Anciens combattants d'Afrique:Passeur de mémoire

Anciens combattants d'Afrique
Passeur de mémoire
Philippe Guionie, photographe.(Photo : Philippe Guionie)

Philippe Guionie, 33 ans, photographe, vient de publier un ouvrage consacré aux tirailleurs africains intitulé « Anciens combattants africains » aux éditions Les Imaginayres. Historien de formation, l’auteur ne nous donne pas seulement des photographies à voir mais aussi des textes à lire et des voix à entendre afin que leurs mémoires soient préservées de l’oubli. Il nous raconte ces anciens jeunes gens qui ont combattu pour la France. Militant dans l’âme, Philippe Guionie, quand il n’est pas en Afrique, vit à Paris et à Toulouse. Il développe une photographie sociale et documentaire autour des thèmes de la mémoire.



RFI : Qu’est-ce qui a déclenché l’aventure de ce livre ?

Ousmane Kassé, tirailleur sénégalais. Né à Tivaouane au Sénégal. Musulman. Numéro matricule n° 21 654. Indochine (1954-1956).Commandeur de l’Ordre du Mérite. Croix de Guerre. Croix du Combattant. Médaille de la France d’Outre-Mer. Médaille de la Reconnaissance française. Médaille commémorative d’Extrême-Orient. Titulaire de la Carte du Combattant Pension de retraite du combattant : 68 836 FCFA pour six mois soit 114,94 euros.(Photo : Philippe Guionie)
Ousmane Kassé, tirailleur sénégalais. Né à Tivaouane au Sénégal. Musulman. Numéro matricule n° 21 654. Indochine (1954-1956).Commandeur de l’Ordre du Mérite. Croix de Guerre. Croix du Combattant. Médaille de la France d’Outre-Mer. Médaille de la Reconnaissance française. Médaille commémorative d’Extrême-Orient. Titulaire de la Carte du Combattant. Pension de retraite du combattant : 68 836 FCFA pour six mois soit 114,94 euros.
(Photo : Philippe Guionie)

Philippe Guionie : Cela fait plus de huit ans que je travaille sur la mémoire des anciens combattants africains, ceux que l’on appelle d’un terme générique les « tirailleurs sénégalais ». J’ai parcouru l’Afrique pendant de nombreuses années mais le point de départ, le déclic, a commencé le 10 novembre 1998 le jour où j’ai vu à la Une du journal Le Monde un article intitulé : « Le dernier de la force noire est mort », le dernier tirailleur de la Première Guerre mondiale venait de mourir à l’âge de 104 ans, il s’appelait Abdoulaye N’Diaye. Il est mort à Dakar, à la veille de recevoir la Légion d’Honneur, alors qu’il était en train de choisir son boubou. Cette mort était pour moi un déclic dans la mesure où j’ai pris conscience qu’encore une fois on laissait partir des hommes emportant leur mémoire.

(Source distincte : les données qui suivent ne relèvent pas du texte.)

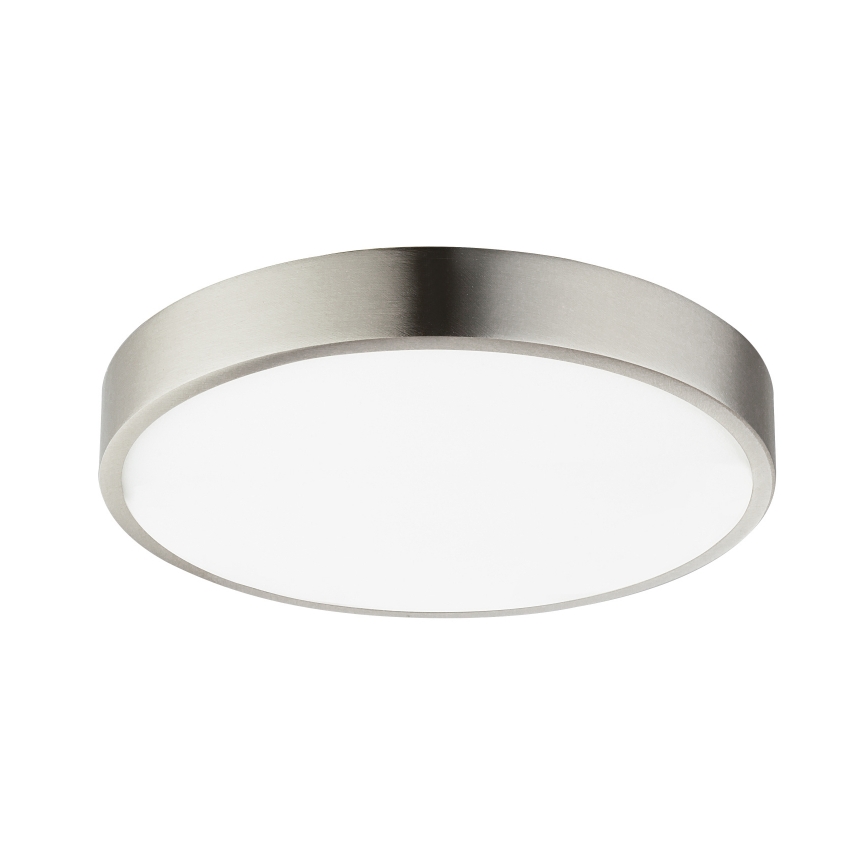 Stropné LED svietidlo svieti. Má okrúhly tvar s niklovým rámom a matným difúzorom. Je osvetlené.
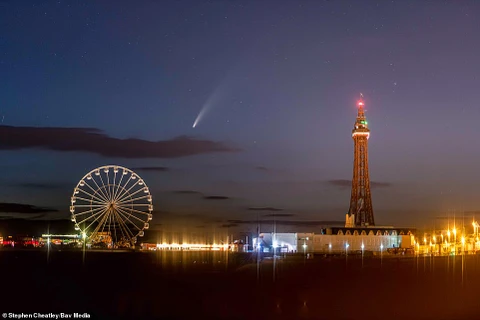 Sao chổi xuất hiện trên bầu trời Blackpool. (Nguồn: Daily Mail)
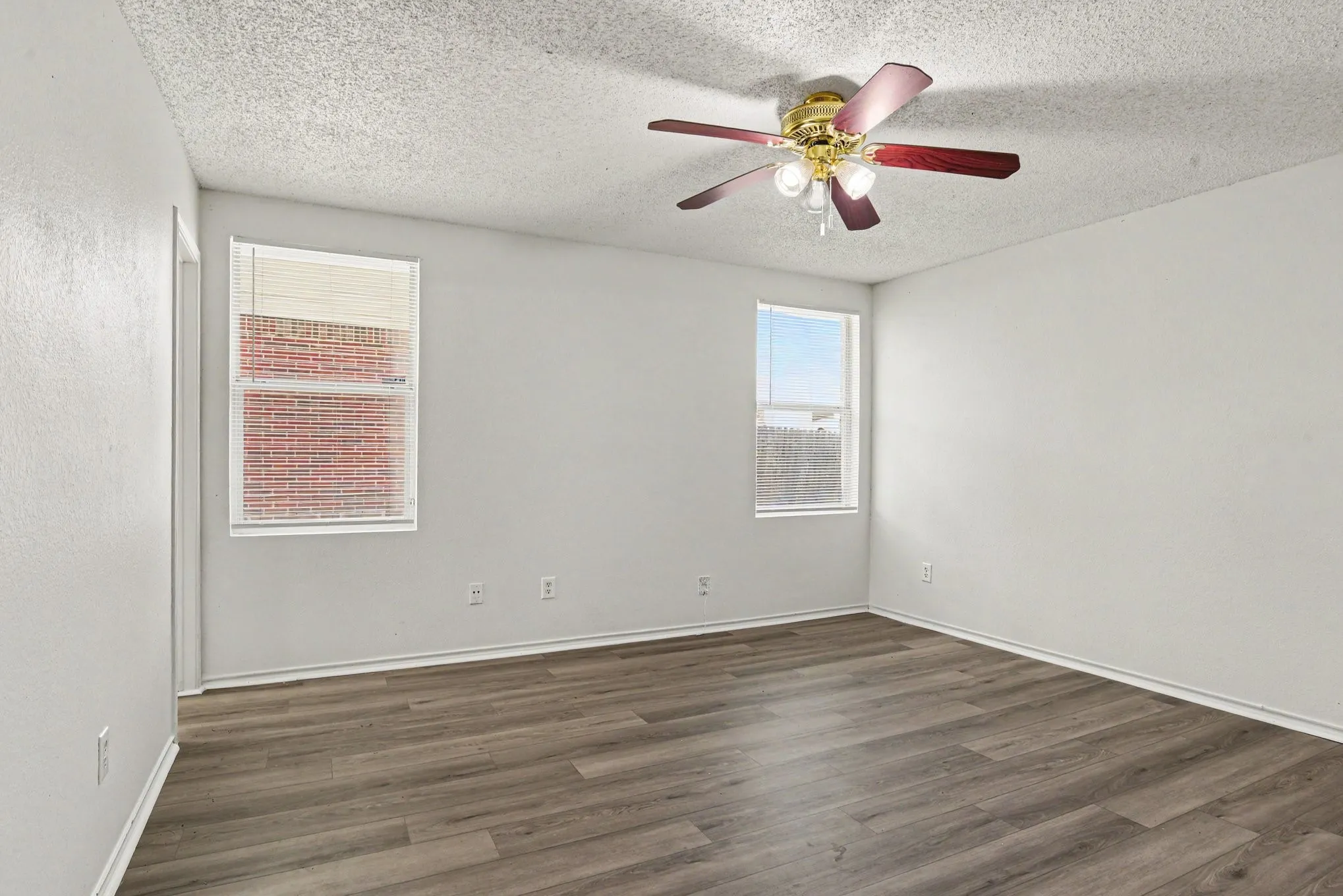 Single Family Residence For Rent in Dallas County , 1424 Junction Run, Mesquite, Texas 75181, 3 Bedroom, 2 Bathroom, 2 Garage spaces, 1,389 Sqft, built in 2005, Price $2,695, mls#21354202, Real Estate Agent in Mesquite, Homes For Rent in Dallas county, Homes For Rent in Mesquite, Realtor in Mesquite Texas, Real Estate Brokerage Independent Realty Texas, Luminita Cordes Realtor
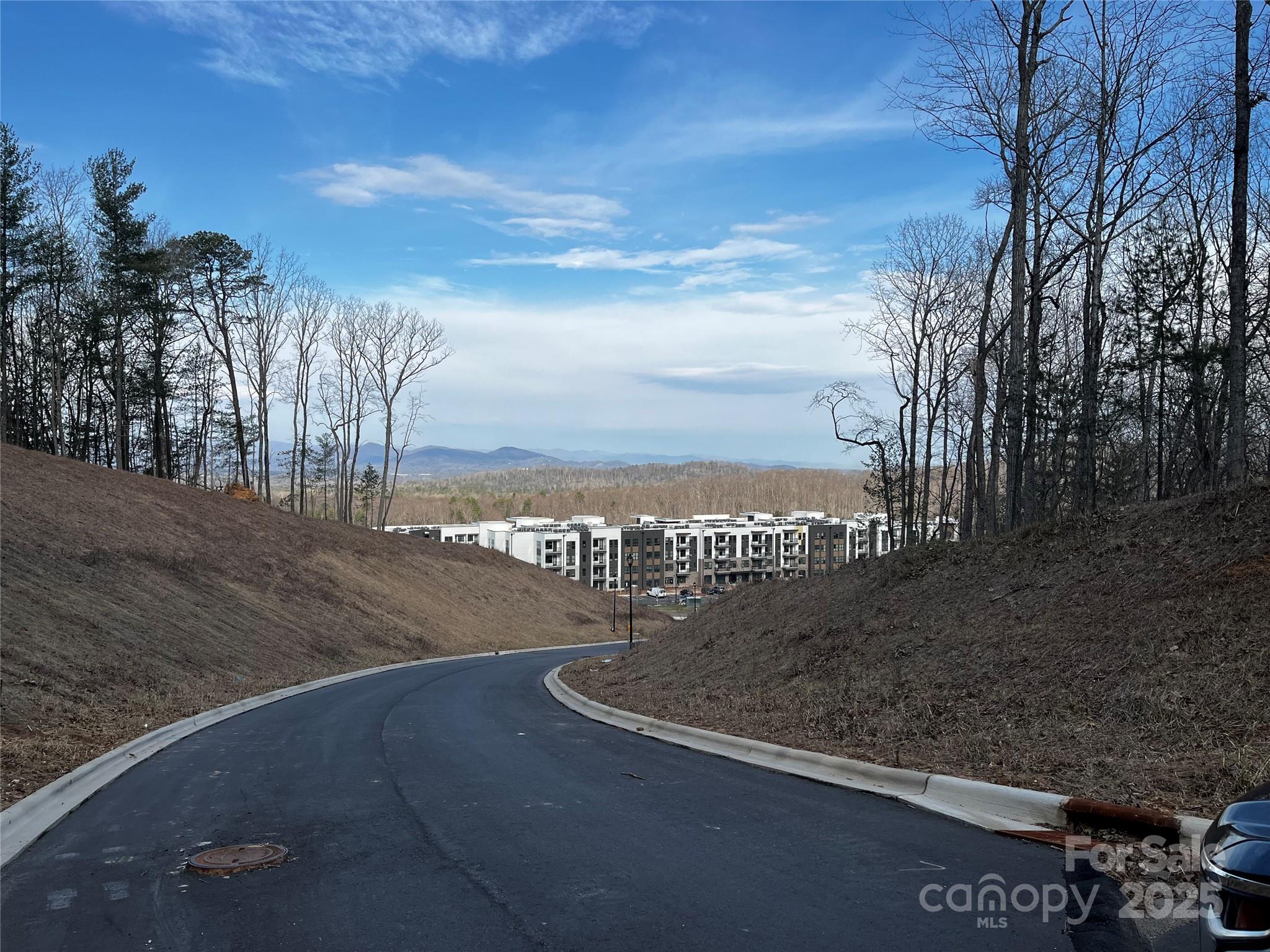 99999 Rocky Summit 5b Property Photo 3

Une mémoire qui n’avait pas été inscrite quelque part. Je trouvais que c’était à la fois un gâchis et un sacré pied de nez à la France. A l’époque j’étais étudiant en histoire-géographie à Toulouse. J’avais fait plusieurs longs séjours en Afrique noire et au Maghreb et j’ai eu envie de faire quelque chose par rapport à ceux qui étaient encore vivants c’est-à-dire les « tirailleurs sénégalais » qui ont participé à la Deuxième Guerre mondiale et aux conflits liés à la décolonisation de l’Indochine puis celle de l’Algérie.

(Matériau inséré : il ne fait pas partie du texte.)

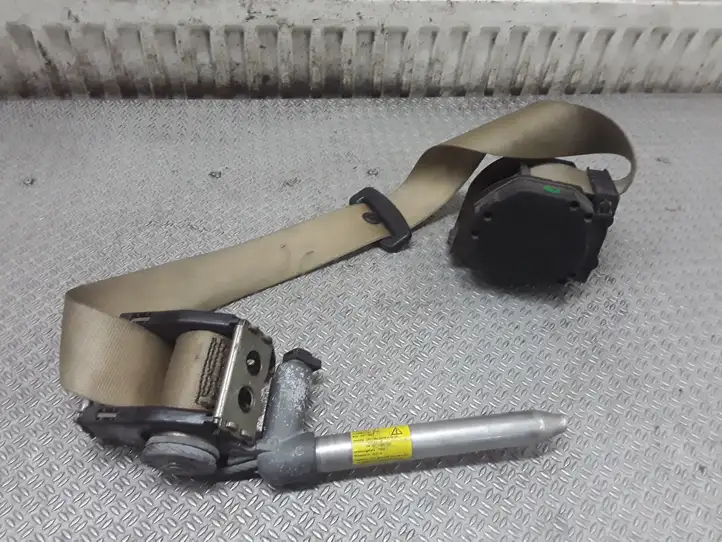 BMW 7 E65 E66 (2001 - 2008)   Задний ремень безопасности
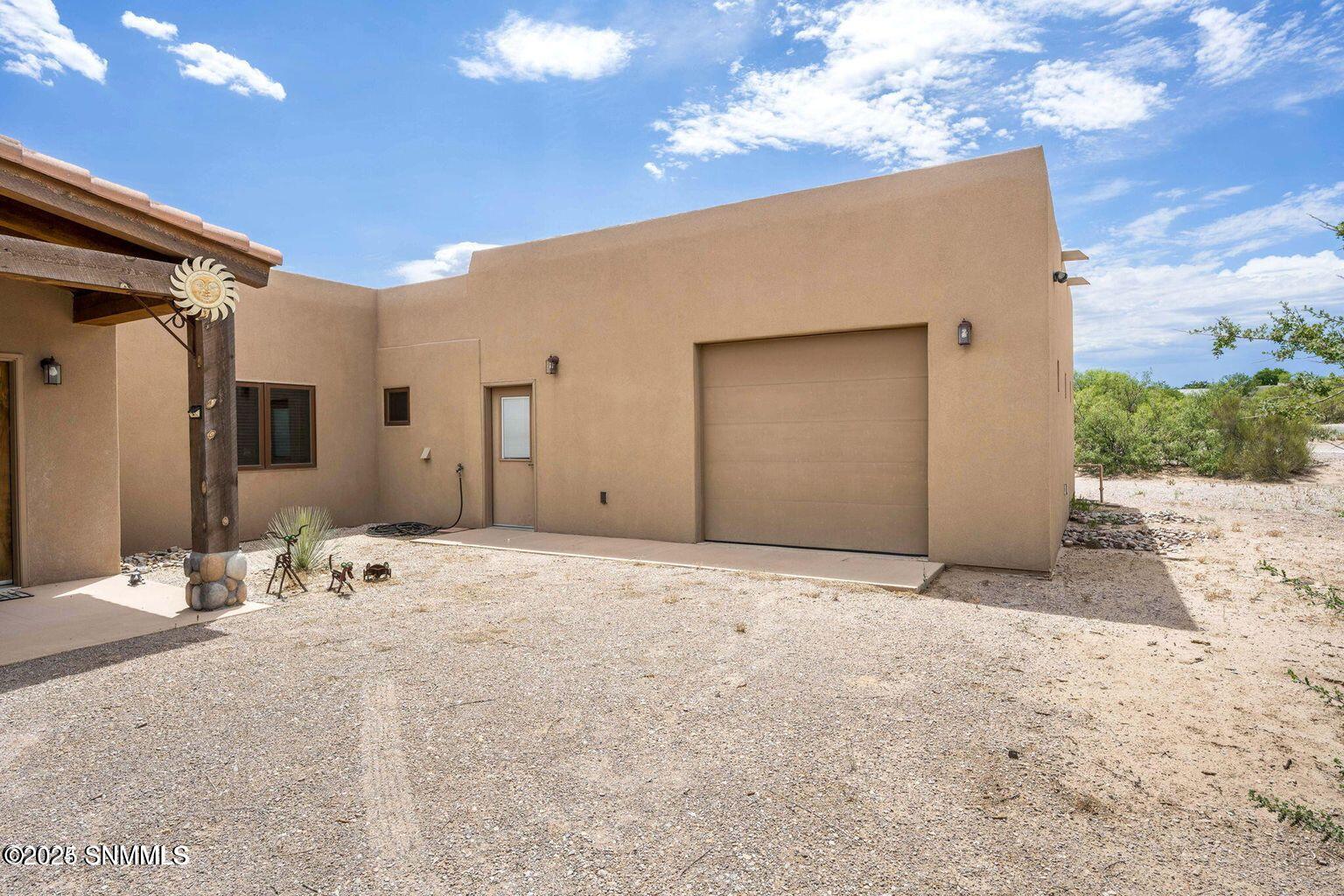 701 Hawthorne Drive, Elephant Butte, New Mexico image 4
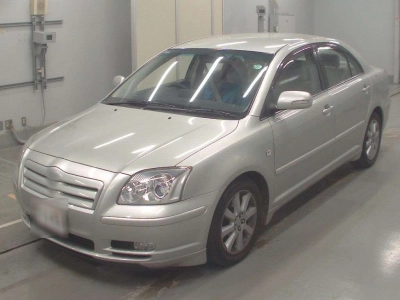 TOYOTA AVENSIS SEDAN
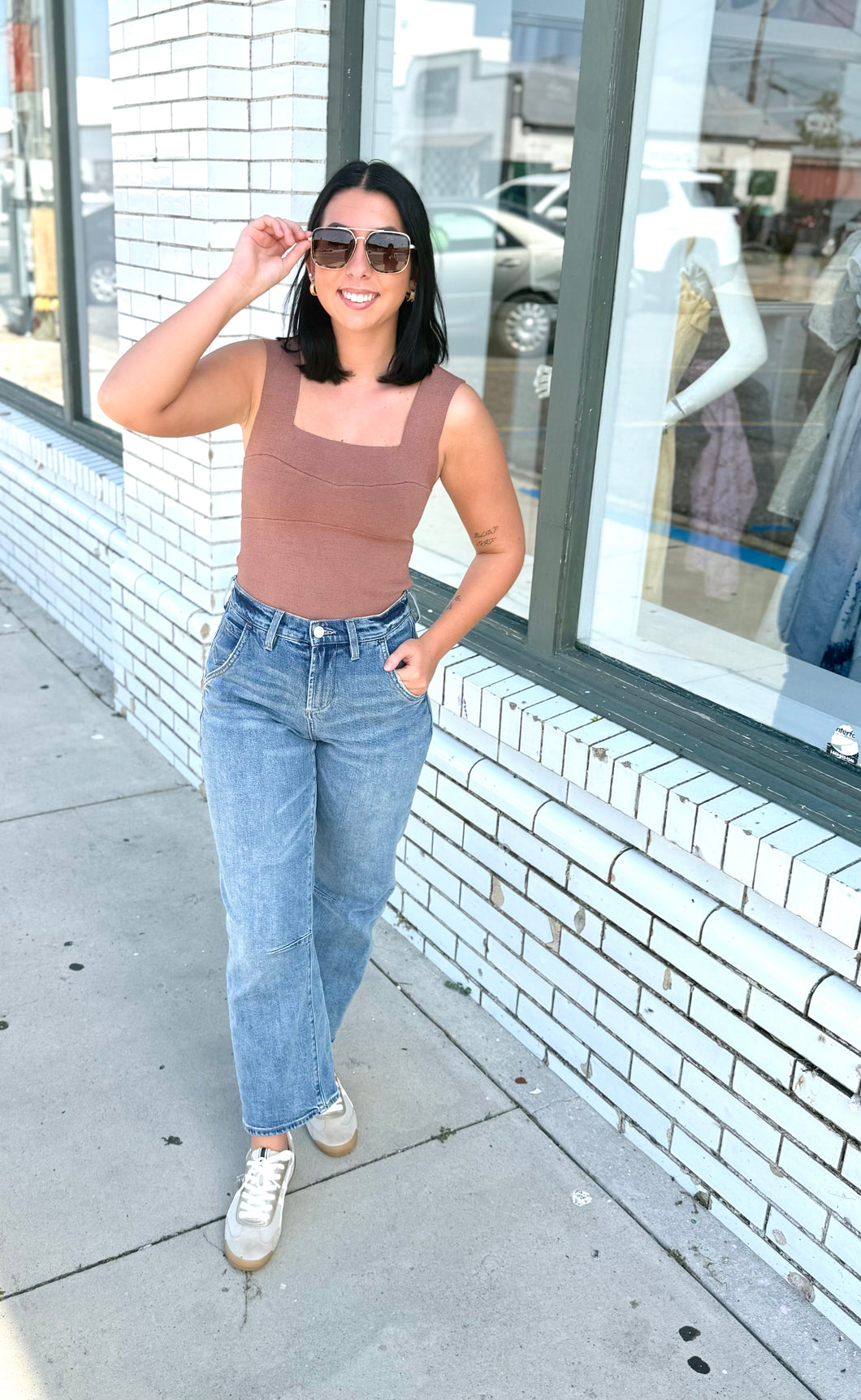 Allure Essential Top-Brown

RFI : Pourquoi particulièrement les tirailleurs africains ?

PH. G. : J’ai une sensibilité particulière pour l’Afrique. Encore une fois j’y ai beaucoup voyagé, j’y ai travaillé. En tant que photographe j’y vais très souvent. Et puis je m’étais spécialisé dans mes recherches historiques sur la question des « tirailleurs sénégalais ». C’est vrai que pour moi c’est l’une des injustices mémorielles très actuelles, très contemporaines, et j’avais envie de faire quelque chose par les moyens qui sont les miens c’est-à-dire par la photographie et j’ai choisi de m’intéresser à ceux qui sont encore vivants puisque dans quatre ou cinq ans, peut-être un peu plus, on ne pourra parler de ces hommes qu’en terme d’hommes du passé.

RFI : Vous accompagnez votre ouvrage de texte et de parole. Pourquoi ce choix ?

PH. G. : C’est très important. Je travaillais sur un sujet vivant. C’est-à-dire ces hommes et ces femmes -je n’oublie pas les femmes dans l’histoire, les veuves de ces tirailleurs-, sont encore des gens vivants, qui vivent dans la savane, dans le bled, dans les foyers, dans nos quartiers ; ils ont des choses à dire et pour exprimer cette parole, transmettre cette mémoire je voulais qu’il y ait à la fois des photographies, donner à voir, mais aussi des textes, leurs textes et leurs paroles, leurs chants : donc donner à entendre. C’est pour ça qu’à la fois dans l’exposition à Toulouse, qui va voyager par la suite, et dans le livre il y a des photographies bien sûr, des textes, mais aussi un CD joint à l’ouvrage et qui reprend l’ensemble de ces paroles de ces témoignages, des textes et des poèmes de Léopold Sedar Senghor pour que la mémoire bouge enfin.

RFI : Une photo ne parle pas suffisamment ?

PH. G. : La photographie est vraiment magique, elle permet d’inscrire beaucoup de chose sur une surface sensible, la pellicule, mais je voulais, peut-être pour accentuer, pour donner encore plus de véracité et de crédibilité à mon travail, que les gens qui voient ces photographies et découvrent ce travail, entendent par eux-mêmes la parole, les mots de ces anciens combattants africains. Entendre leurs paroles nous conduit peut-être à faire un petit chemin vers eux dans nos mémoires, comme disait Senghor « oublieuses » à leur égard, et prendre conscience qu’ils sont vivants.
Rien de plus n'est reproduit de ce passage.